Hundreds of new museums, as well as performance venues and creative institutions, have been built, and China's art market is now considered the world's second largest after the US.
These new museums are not only the significant markers of a growing dynamic cultural landscape in China, but are often stunning in appearance and design in their own right.
However, despite some dramatic archaeological discoveries since the 1980s, which have exposed vast areas of ancient treasures, China's art public is still emerging, and the key focus within the country is very much the development of a national heritage, after decades of relative stagnation.
The most famous of those, of course, is the collection of terracotta sculptures depicting the armies of Qin Shi Huang, the first Emperor of China, unearthed near the city of Xi'an in Shaanxi province.
I visited the warriors in the 1980s as an Edinburgh student during Queen Elizabeth's China trip, and of course now it has become hugely important for China's position in world heritage.
A quarter of a century later, Chinese students coming to Britain to study are often a lot more sophisticated and urbane.
They are keen to contribute to China's new cultural environment, to learn the ways of the modern art world, and become serious players in the numerous art fairs and events being held in galleries and museums across the country, in Asia and globally.

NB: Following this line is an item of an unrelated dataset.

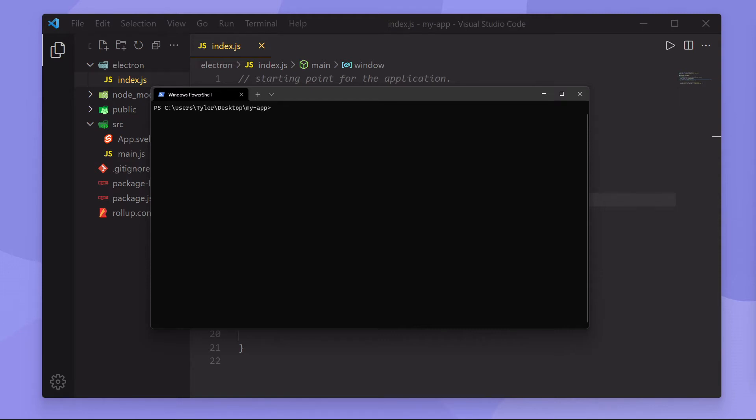Hey, what's going on everybody? It's Tyler here and welcome back to another Electron tutorial series video. Today we're going to be talking about the BrowserWindow class, so let's just dive right into it.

Their significant and growing presence in British universities and art colleges is an indicator of exciting things to come.
China's thirst for intellectual property and creative industry skills will inevitably have a significant impact on the country's ability to deliver its ambitious cultural vision.
And Britain's place as a leader in this field makes it an ideal and important educator for China's ongoing cultural development.
I know of many Chinese students currently studying at undergraduate and postgraduate levels in the UK, in arts management, East Asian art, painting and fine art, at some of the country's best colleges, including the Royal College of Art, Goldsmith's, Kings College, the Slade, Sotheby's Institute of Art (University of Manchester) and Birkbeck.
They range from PhDs researching contemporary artists or modern Chinese painting to undergrads studying in curating.
Even one of these students returning to China will create an impact through their network and contacts in the UK, their skills hopefully feeding back into the industry back home, be that as museum curators, auction house specialists or gallery workers.
Powerful individuals such as property tycoons have typically created large-scale private museums in China, but they have often been unwilling to hand over control to curators, especially if they are younger and deemed too junior to carry out those responsibilities.
This situation is, however, bound to change with the development and exponential growth of their education and cultural expertise.
Students who have attended the courses I have run are now working in a variety of positions in the art world, both in China and in the West - from a new ink painting gallery in Beijing's Caochangdi, to a provincial auction house in the UK, to a high-end private Chinese antiquities museum and contemporary art gallery in Hong Kong, to a prominent international gallery in London.
Since I studied Chinese (which was then relatively rare), both the Western and Chinese art worlds have changed dramatically.
The art industry has become more professional and more recently the importance of Asia, especially Hong Kong, has gained strength.
Communication between China and the Western art world is increasingly being facilitated by younger people working behind the scenes to arrange exhibitions, coordinate events with Chinese artists visiting from China and other kinds of activities.
The knowledge and skills that many of the Chinese students passing through our system here have gathered will play a crucial part in China's ever-growing and complex cultural environment.
Some of them might decide to stay, to develop their experience further, while others will go back almost immediately - but usually the connections made are long-lasting and beneficial across both cultures, feeding a cross-cultural dialogue centered on mutual interests.
The author is director of Office of Contemporary Chinese Art, an art consultancy promoting Chinese artists in the UK.